La deuxième partie du livre, baptisée « Devoir d’invention » est venue ainsi, en marchant au sens propre, en poussant les portes selon l’enseignement de Philippe Panerai. Nous sommes alors entrés dans une perspective tout-à-fait nouvelle, de construire des méthodes pour penser, pour représenter, pour projeter, les rez-de-ville. Nous en sommes là. Nous avons fabriqué des outils qui sont appropriables par des aménageurs, des étudiants, des professionnels s’ils veulent faire autre chose que des gabarits sur les rues en menant des discussions stylistiques.

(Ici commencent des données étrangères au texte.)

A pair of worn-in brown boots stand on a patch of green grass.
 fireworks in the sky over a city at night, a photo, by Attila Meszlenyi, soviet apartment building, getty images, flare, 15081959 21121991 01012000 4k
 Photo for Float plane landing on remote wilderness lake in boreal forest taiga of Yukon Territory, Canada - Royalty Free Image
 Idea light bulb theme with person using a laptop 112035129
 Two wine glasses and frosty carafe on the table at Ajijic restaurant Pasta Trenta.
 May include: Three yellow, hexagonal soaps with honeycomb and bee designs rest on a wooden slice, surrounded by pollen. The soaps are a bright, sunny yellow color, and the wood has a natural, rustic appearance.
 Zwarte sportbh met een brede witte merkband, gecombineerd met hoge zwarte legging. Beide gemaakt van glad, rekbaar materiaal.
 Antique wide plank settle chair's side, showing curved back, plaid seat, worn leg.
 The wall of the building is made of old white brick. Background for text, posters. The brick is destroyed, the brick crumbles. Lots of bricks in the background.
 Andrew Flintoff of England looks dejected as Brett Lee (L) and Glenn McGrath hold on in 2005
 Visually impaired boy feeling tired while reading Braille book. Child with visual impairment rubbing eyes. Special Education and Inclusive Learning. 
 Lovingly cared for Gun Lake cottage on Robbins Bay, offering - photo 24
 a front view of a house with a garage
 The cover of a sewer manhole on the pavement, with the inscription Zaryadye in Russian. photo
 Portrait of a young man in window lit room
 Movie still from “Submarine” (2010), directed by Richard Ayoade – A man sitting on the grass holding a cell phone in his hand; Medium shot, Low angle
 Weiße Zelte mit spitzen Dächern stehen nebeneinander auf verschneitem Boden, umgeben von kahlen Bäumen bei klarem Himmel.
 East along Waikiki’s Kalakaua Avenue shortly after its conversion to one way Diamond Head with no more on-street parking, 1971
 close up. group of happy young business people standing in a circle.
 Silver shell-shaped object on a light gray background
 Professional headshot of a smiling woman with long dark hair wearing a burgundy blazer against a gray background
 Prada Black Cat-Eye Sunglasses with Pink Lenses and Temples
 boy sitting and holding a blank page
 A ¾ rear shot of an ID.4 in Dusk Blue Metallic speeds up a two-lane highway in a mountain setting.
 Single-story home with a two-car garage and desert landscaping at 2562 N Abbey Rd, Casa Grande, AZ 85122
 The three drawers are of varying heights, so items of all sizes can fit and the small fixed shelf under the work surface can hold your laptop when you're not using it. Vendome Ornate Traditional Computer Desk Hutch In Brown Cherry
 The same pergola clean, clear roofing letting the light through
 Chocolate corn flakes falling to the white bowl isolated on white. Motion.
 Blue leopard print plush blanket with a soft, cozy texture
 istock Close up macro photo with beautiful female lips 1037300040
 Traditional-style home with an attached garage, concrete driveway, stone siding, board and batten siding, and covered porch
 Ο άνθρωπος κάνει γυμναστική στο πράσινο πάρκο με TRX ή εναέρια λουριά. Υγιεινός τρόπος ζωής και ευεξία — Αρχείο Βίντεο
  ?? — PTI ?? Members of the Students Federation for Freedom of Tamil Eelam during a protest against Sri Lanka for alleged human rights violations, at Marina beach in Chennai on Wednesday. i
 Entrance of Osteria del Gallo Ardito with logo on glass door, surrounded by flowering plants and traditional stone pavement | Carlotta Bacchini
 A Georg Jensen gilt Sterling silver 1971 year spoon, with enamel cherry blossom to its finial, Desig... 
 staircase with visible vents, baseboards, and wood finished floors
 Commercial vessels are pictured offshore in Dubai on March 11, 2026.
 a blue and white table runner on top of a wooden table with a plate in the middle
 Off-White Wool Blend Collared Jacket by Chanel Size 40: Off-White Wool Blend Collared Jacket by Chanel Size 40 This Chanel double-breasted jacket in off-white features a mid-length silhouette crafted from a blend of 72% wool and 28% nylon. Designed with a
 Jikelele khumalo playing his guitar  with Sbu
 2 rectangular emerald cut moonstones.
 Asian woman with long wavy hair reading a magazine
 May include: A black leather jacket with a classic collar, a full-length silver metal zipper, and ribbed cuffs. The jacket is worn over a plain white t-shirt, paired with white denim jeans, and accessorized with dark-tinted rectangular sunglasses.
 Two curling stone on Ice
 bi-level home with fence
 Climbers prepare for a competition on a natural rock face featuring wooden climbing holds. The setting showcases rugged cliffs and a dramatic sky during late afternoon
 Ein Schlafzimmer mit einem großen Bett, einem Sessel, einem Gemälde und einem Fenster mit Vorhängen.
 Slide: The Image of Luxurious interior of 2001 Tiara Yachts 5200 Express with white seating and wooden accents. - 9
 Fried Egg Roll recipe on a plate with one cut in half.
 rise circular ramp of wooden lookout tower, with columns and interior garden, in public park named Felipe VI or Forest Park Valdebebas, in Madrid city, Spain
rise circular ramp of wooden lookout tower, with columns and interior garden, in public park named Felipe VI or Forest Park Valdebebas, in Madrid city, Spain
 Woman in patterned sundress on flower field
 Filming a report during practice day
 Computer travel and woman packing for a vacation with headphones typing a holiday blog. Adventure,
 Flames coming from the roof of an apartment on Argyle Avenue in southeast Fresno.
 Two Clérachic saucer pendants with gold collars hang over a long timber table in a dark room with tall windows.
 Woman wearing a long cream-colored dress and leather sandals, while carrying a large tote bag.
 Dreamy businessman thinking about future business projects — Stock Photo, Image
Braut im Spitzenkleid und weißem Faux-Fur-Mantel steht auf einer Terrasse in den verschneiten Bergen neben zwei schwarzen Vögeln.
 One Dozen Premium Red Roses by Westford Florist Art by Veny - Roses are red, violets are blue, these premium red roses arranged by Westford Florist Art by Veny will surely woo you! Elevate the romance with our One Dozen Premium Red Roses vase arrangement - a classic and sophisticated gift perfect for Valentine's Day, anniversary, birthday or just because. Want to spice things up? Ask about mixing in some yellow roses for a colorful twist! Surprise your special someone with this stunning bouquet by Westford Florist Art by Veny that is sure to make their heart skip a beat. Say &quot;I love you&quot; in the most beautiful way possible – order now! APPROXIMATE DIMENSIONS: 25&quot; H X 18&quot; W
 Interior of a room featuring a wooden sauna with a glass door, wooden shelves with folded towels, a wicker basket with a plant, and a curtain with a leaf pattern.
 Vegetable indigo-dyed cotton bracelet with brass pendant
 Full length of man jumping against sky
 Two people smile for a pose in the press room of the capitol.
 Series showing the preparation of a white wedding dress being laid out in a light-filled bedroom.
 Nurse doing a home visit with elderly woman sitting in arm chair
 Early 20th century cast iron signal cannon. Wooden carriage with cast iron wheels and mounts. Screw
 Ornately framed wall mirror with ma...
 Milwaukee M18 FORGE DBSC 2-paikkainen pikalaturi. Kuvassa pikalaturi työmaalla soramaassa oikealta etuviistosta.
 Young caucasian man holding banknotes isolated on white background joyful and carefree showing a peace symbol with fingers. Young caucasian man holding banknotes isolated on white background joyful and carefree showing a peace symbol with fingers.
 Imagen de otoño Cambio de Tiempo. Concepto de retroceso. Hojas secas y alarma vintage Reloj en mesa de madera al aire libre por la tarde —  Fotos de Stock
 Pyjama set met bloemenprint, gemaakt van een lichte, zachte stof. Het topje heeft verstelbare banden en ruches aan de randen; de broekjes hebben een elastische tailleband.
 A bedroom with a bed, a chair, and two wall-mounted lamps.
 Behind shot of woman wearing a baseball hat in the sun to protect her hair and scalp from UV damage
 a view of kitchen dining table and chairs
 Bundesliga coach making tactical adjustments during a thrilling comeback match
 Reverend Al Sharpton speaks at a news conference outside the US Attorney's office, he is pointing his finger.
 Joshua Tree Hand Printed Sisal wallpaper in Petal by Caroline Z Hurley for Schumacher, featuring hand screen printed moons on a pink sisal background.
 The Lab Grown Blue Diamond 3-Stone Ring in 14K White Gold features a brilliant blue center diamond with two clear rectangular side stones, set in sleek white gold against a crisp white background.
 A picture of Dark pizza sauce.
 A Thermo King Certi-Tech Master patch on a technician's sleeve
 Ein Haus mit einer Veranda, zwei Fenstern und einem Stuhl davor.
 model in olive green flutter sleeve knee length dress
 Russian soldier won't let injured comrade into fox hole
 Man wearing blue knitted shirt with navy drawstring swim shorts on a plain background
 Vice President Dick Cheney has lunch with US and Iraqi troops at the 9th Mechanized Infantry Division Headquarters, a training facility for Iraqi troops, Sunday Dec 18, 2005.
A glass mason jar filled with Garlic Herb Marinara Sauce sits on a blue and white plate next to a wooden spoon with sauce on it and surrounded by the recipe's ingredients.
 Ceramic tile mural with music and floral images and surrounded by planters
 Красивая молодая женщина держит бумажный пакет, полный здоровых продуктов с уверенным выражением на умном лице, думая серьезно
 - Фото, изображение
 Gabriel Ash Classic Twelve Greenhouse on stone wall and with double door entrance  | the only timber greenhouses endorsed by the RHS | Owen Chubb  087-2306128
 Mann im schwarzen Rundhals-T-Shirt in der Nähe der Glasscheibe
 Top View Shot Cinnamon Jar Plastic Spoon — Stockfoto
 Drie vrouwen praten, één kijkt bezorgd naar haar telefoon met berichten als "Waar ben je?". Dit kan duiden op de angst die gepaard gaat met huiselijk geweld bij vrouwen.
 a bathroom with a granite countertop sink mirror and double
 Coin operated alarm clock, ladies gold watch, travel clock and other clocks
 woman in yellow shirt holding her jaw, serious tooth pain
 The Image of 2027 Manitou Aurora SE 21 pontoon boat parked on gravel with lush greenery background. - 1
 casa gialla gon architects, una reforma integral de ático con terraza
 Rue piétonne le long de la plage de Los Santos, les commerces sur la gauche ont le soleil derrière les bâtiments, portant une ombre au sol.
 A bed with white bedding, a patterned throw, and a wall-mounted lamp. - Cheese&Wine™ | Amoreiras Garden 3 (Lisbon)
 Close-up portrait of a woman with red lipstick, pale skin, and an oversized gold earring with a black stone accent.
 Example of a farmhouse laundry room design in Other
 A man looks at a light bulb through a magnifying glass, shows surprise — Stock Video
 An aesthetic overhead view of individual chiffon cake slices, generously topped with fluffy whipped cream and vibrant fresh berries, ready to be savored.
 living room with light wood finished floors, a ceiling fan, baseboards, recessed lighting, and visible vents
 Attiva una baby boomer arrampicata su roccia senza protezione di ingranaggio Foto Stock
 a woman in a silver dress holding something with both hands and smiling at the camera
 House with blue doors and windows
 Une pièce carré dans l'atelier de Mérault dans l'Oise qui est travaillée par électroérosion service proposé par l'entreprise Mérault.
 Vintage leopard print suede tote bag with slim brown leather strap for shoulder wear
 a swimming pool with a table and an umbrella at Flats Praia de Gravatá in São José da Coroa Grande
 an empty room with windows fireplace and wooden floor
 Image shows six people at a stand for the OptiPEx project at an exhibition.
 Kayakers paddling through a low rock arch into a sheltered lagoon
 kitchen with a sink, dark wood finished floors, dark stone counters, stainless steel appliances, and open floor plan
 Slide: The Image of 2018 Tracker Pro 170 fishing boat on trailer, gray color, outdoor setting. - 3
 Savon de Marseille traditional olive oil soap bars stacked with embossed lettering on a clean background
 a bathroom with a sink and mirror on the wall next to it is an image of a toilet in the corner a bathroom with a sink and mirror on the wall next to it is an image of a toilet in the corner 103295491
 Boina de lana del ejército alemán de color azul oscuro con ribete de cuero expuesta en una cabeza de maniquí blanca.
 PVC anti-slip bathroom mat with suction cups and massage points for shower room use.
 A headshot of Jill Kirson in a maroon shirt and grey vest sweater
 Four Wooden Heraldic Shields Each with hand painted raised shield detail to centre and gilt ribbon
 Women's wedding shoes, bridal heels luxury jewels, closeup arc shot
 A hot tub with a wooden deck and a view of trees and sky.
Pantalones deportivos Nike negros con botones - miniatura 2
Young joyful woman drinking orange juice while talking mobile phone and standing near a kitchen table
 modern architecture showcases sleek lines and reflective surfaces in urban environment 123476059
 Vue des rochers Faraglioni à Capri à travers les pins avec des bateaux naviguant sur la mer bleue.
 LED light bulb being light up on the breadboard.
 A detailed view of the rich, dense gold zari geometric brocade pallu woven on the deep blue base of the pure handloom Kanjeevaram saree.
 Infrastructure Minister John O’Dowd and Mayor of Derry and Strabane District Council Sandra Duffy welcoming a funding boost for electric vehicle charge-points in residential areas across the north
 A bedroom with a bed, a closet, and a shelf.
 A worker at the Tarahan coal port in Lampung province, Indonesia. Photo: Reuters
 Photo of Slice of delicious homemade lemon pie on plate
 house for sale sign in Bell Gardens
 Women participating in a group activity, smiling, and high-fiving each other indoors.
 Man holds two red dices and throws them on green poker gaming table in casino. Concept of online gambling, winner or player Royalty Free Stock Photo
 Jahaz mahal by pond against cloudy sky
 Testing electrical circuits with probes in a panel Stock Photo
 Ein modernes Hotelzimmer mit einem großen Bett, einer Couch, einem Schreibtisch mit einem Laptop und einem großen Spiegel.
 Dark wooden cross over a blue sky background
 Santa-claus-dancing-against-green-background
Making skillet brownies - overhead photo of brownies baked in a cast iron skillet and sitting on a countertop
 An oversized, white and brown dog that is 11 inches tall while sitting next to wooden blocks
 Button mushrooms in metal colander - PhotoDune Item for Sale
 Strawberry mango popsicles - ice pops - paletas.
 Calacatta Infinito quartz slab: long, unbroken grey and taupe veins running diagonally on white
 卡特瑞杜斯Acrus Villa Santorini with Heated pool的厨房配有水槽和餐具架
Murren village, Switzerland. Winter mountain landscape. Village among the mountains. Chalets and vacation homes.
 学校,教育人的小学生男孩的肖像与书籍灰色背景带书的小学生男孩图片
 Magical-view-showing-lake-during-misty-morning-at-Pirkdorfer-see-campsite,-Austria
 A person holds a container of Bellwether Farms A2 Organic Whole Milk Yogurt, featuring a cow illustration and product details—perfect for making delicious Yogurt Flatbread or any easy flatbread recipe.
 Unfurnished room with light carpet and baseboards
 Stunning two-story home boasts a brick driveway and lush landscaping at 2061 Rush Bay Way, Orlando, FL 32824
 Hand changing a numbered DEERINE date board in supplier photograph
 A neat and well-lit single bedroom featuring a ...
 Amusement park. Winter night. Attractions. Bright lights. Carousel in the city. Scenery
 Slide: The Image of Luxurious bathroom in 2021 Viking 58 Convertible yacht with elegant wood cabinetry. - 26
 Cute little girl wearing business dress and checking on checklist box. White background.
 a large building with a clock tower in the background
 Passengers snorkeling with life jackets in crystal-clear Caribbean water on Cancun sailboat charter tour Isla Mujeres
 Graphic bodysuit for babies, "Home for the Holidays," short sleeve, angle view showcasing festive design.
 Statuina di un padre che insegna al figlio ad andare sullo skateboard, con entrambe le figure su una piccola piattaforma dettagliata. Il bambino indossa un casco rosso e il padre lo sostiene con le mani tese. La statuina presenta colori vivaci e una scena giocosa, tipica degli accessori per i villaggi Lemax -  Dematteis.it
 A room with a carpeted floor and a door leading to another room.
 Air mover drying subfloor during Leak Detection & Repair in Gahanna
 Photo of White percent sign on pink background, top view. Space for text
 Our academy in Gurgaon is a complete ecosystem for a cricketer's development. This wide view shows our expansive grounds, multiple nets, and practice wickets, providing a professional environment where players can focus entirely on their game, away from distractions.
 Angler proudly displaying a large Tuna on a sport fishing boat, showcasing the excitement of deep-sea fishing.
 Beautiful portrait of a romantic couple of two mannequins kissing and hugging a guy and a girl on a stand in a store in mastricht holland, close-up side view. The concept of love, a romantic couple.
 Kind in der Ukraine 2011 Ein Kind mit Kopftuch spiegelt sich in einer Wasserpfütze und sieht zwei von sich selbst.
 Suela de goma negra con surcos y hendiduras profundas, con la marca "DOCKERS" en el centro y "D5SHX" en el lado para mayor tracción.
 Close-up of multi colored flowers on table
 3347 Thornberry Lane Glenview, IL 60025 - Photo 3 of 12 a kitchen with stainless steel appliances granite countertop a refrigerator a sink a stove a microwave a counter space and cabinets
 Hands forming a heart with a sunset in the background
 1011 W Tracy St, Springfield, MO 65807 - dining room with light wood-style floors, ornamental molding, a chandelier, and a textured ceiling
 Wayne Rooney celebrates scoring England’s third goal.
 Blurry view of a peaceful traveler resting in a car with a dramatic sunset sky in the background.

Cette partie se veut plutôt celle des préconisations. En quoi consiste-t-elle, Soraya, vous qui y avez plus particulièrement travaillé ?
S. B. – Nous avons tout fait ensemble avec David. Ici, nous avons tiré de nombreuses conclusions des enquêtes effectuées, qui nous ont fait réaliser qu’il fallait aller plus loin que le constat. D’autant que dans les documents d’urbanisme ou les prescriptions architecturales, cette dimension était absente, au-delà de la seule question des rez-de-chaussée. Nous avons analysé les pratiques de la fabrique de la Ville, et nous avons tiré de ses manques une douzaine de points de méthode, portant sur cette question du sol. D’abord, pour présenter comment fabriquer des rues, en partant des inventaires réalisés, notamment en ciblant les itinéraires du quotidien.

Les itinéraires du quotidien nous renvoient à votre méthode : vous proposez de distinguer des catégories de rues en fonction d’usages différents. Toutes les rues ne peuvent être des rues actives avec commerces ? certaines ont des vocations résidentielles ?
D.M. – Les douze points du Devoir d’invention sont classés en trois thèmes, qui remettent en cause des idées reçues. Le premier préconise de penser la ville par itinéraires et non par cercles d’accessibilité. Cette conception par cercles, est plus que de l’idéologie, c’est une technique trop répandue. Cela devient de l’idéologie quand ça devient « la ville du quart d’heure », qui marche bien comme slogan, mais ne correspond pas à la réalité des villes. La réalité des villes, ce sont des itinéraires, certains plus confortables, moins confortables, du quotidien, pas du quotidien.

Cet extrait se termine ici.